### Exercise details
Identify and copy all lines of the material where the string "commercial" is found.

### Supplied data
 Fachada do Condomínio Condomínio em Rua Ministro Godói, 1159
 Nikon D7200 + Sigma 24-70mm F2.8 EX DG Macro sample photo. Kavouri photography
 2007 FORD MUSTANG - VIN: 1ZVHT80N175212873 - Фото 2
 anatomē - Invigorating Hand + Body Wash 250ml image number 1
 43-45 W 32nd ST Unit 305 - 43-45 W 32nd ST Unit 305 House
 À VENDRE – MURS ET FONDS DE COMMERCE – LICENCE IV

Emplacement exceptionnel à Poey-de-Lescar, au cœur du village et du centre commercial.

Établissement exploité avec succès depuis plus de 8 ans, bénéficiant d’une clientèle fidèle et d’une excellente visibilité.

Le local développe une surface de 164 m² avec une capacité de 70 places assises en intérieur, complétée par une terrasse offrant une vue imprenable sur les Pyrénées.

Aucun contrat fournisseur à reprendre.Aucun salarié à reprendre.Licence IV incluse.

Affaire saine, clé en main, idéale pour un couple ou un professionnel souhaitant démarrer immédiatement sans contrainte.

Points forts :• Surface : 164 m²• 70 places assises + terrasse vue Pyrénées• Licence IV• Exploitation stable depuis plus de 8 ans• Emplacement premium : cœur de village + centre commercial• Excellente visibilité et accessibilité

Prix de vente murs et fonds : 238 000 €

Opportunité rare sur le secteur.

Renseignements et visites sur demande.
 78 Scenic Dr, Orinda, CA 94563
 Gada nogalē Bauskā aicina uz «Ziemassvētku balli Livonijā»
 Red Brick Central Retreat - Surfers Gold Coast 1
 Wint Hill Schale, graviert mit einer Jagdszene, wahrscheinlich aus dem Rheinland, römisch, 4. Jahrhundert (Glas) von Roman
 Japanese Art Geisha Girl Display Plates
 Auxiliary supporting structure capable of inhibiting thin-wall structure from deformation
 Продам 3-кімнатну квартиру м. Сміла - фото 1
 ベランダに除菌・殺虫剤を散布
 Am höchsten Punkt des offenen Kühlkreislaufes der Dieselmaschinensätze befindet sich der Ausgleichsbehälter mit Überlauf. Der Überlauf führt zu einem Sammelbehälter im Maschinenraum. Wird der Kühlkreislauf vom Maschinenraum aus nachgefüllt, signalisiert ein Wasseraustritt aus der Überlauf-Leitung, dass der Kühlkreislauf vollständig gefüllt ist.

### Finished exercise
Emplacement exceptionnel à Poey-de-Lescar, au cœur du village et du centre commercial.
Points forts :• Surface : 164 m²• 70 places assises + terrasse vue Pyrénées• Licence IV• Exploitation stable depuis plus de 8 ans• Emplacement premium : cœur de village + centre commercial• Excellente visibilité et accessibilité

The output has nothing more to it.